> [DATA SUPPLIED]:
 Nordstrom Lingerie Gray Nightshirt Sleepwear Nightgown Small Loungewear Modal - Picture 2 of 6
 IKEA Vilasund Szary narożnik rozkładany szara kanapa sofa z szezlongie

* * *

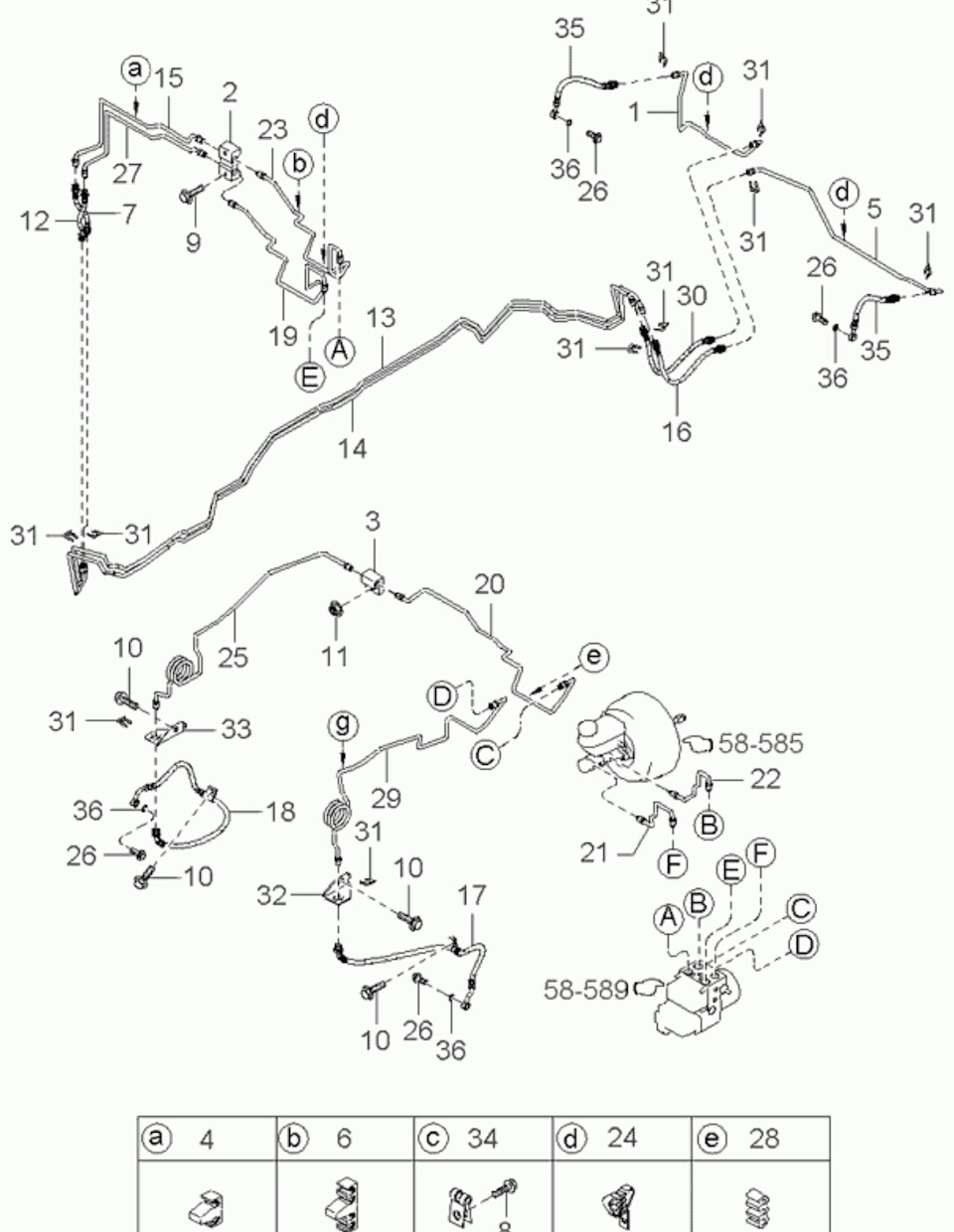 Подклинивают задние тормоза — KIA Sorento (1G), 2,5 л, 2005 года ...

> [WHAT IS BEING ASKED]: Copy out the range of lines above starting at the line with "Nordstrom Lingerie Gray" and ending at the line with "IKEA Vilasund Szary", exactly and including both.

> [EXERCISE ANSWER]:
 Nordstrom Lingerie Gray Nightshirt Sleepwear Nightgown Small Loungewear Modal - Picture 2 of 6
 IKEA Vilasund Szary narożnik rozkładany szara kanapa sofa z szezlongie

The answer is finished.